> **Your instructions**: Restate word for word only the lines from the one with "a train passing" through the end of the records; no pictures belong in the copy.
'''
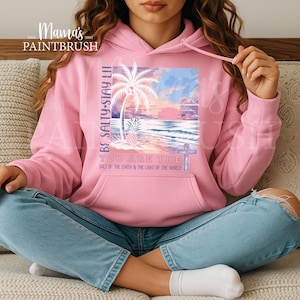 This “Be Salty, Stay Lit” Christian PNG design inspired by Matthew 5:13–16 features a peaceful tropical sunset, palm trees, ocean waves, and a cross—symbolizing faith, light, and God’s calling for believers to shine in the world. With its soft pastel coastal colors and uplifting Bible verse message, this digital download is perfect for creating faith-based apparel, gifts, and home décor.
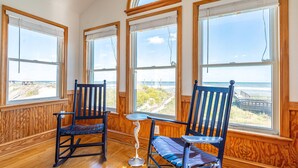 A room with wooden paneled walls, large windows with ocean views, two rocking chairs, and a small table.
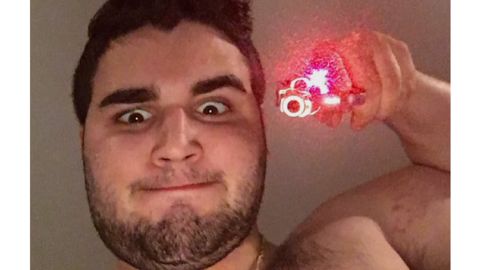 Alleged killer Cosmo Dinardo holds a firearm in an undated photo posted on social media.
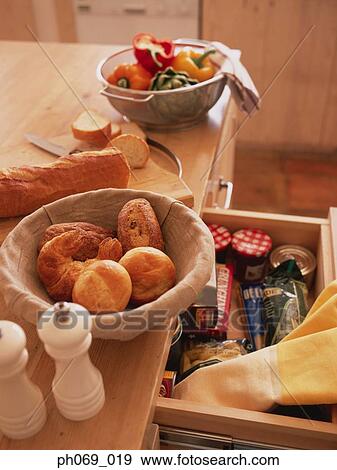 Bread in Basket, sieve of vegetables on kitchen table View Large Photo Image Stock Photo - Bread in Basket, sieve of vegetables on kitchen table. Fotosearch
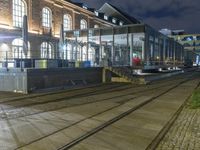 a train passing by an empty building at night on tracks in the street under the lights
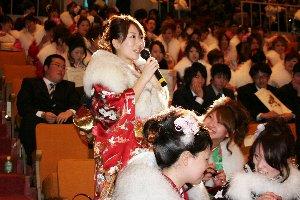 会場の座席からマイクを持って立ち上がる、振袖を身にまとった女性新成人の写真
'''
> **Finished task**:
 a train passing by an empty building at night on tracks in the street under the lights
 会場の座席からマイクを持って立ち上がる、振袖を身にまとった女性新成人の写真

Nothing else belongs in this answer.